Kindred Spirits: The radical poetry of Japanese and Belgian designers
From 18 October 2019 to 19 April 2020, the exhibition ‘Cool Japan’ at MAS will take you on a whirlwind tour of the global fascination for Japanese visual culture. Thanks to a number of unique loans from MoMu, you can get acquainted with Japanese and Belgian avant-garde fashion that revolutionised Parisian catwalks in the 1980s. Follow along as we explore how radical Japanese fashion inspired Belgium’s avant-garde and trace the creative influence between Japanese and Belgian designers.
From the moment the visionary spirit of Japanese designers was revealed to the world, in Paris in the early 1980s, it became perfectly clear that their work was much deeper than mere ‘rags’. Kenzo Takada and Issey Miyake had arrived in the French capital in previous decades, but in 1981 Yohji Yamamoto and Rei Kawakubo caused a real revolution with their autumn/winter collections, which they presented together. In contrast to the glamorous image of the power-woman then in vogue, the Japanese designers presented all-black clothes, which the most conservative critics claimed looked as though they had come out of a nuclear disaster. Polly Mellen, then editor of American Vogue, stated, ‘It is modern and free. It has given to my eyes something new and has made this first day incredible. Yamamoto and Kawakubo are showing the way to a whole new way of beauty’.

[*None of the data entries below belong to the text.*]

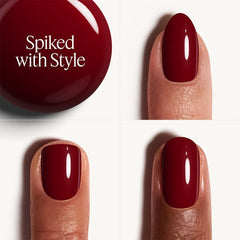 Essie Gel Couture Nail Polish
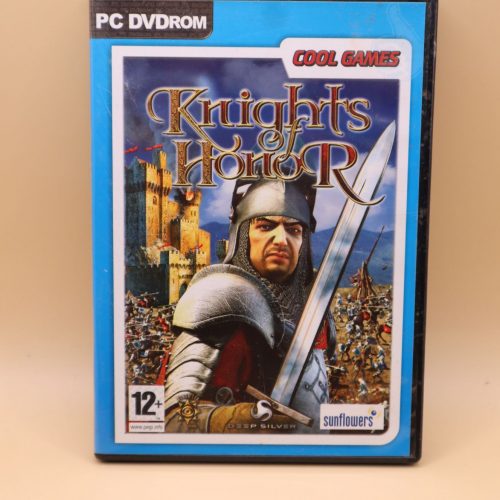 Knights of Honor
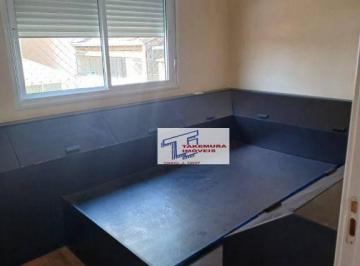 98733296a322e0a54c9e6f9ecd5eae1c121d6bbb · Casa com 2 dormitórios à venda, 113 m² por R$ 800.000 - Chácara Canta Galo - Cotia/SP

A new beauty, challenging the prevailing aesthetic conventions still based on the Western Renaissance conception of symmetry, balance and perfection. In fact, this ‘new’ aesthetic – an anti-aesthetic, according to many commentators – had its roots in the secular legacy of Japanese culture. They resonate in the avant-garde minds of Japanese designers such as Miyake, Kawakubo and Yamamoto, and their disciples, Junya Watanabe and Dai Fujiwara. The themes of perishability, absence (always accompanied by the immense power of suggestion, as in Haiku poetry, for example, where omission of words creates a possibility of meanings), irregularity, both simplicity and complexity, deconstruction to reconstruct, and the importance of meaning have permeated Japanese and Japanese culture for thousands of years. The shock they cause comes from our inability to look in the mirror and recognise that imperfection is inherent to the human condition.

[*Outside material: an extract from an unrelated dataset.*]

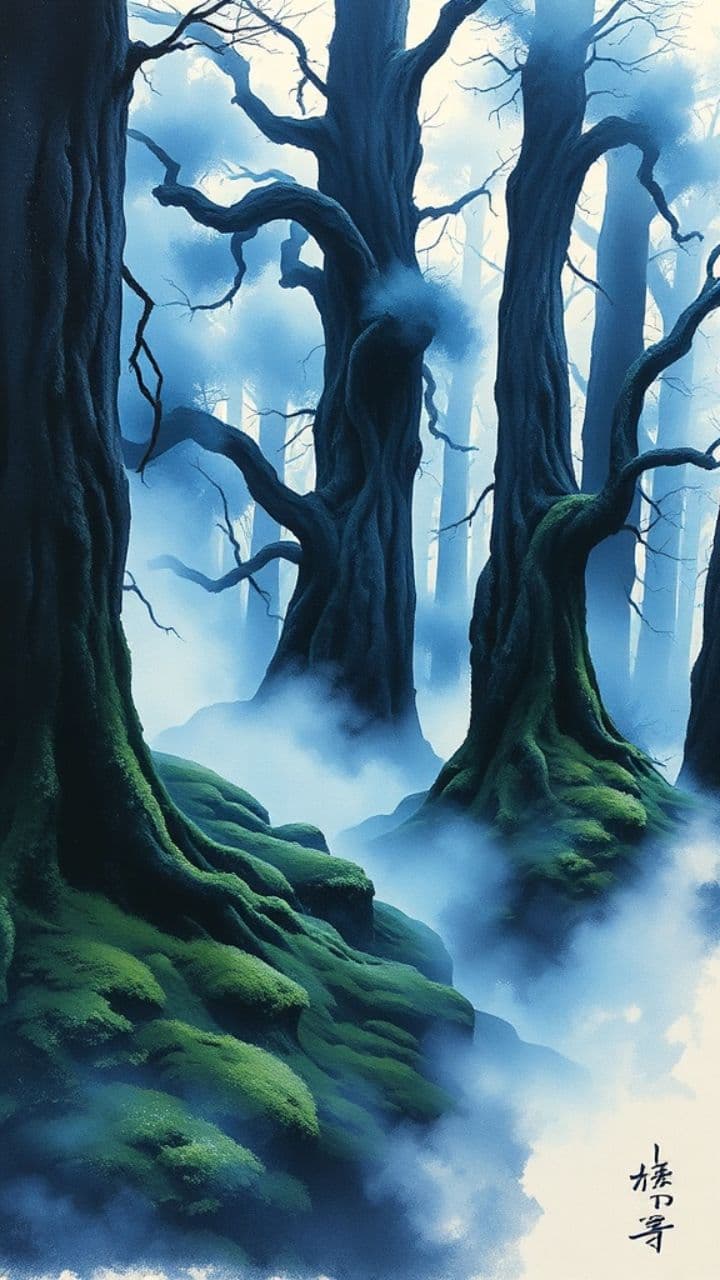 Epic Tribal Electronic Adventure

This radical thinking translates into radical attires: garments reconstructed through the deconstruction of conventional patterns; monochromatic, focusing on ascetic and mysterious black; unusual volumes, sometimes over-sized proportions; asymmetry; overlapping; rips; seams and hems on the outside, taking part in the design process; unfinished garments; knots and bows as fastenings, keeping the pieces in place; faded boundaries between male and female. New lexicons of clothing were created and the essence of wabi-sabi present in the work of these Japanese aesthetes touched the soul of many young designers deeply. These young designers, who were looking for a new meaning to express their creativity through clothes, included the fashion students of the Royal Academy of Fine Arts in Antwerp, firmly trained in classical construction and cut.

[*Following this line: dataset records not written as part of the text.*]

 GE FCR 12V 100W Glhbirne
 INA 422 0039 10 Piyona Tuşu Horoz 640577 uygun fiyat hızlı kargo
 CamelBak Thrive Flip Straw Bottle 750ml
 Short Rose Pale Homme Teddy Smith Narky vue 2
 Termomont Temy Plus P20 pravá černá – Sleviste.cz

I was just finishing my studies [when the Japanese designers had their European debut] and it was a brave new step in fashion – the beginning of a new freedom for me as a designer and as a woman.
The work of the Japanese designers, especially Yamamoto and Kawakubo, was both a shock and a revelation to Belgian designers, who at the time were still on the periphery of the international fashion scene. Confident that there would be other, less conventional ways than those of the established system, the revolutionary group left Antwerp for London in search of a stage receptive to the expression of their sartorial philosophy. So began a new wave that would rock the foundations of Western fashion and paradigms established by haute couture and already shaken by the Japanese designers.
One of the Belgian school would take the poetics of deconstruction initiated by the Japanese designers even further – Martin Margiela. Far from being a clone of his forerunners, Margiela found his own voice through a radical aesthetic: he maximised deconstruction and dissection of the garments, making this process a form of reflection; he moved elements, such as sleeves or collars, from their usual location and gave them new and unusual contexts. It was not only the final result that was important but also the design process and the various stages of production. It is fascinating to note that the element of perishability, underlined in the early works of Yamamoto and Kawakubo through the deconstructed nature of the garments – asymmetries, tears, frayed edges, knots, and uneven hems – is very present in the work of the Belgian designers, especially Martin Margiela.
Glamour was replaced by uniqueness. Mass production gave place to individuality. Expressing themselves freely, these designers, from two different cultures and different generations, contributed to the emergence of a ‘new’ aesthetic and to consolidate the idea that fashion can be an art form in its own right.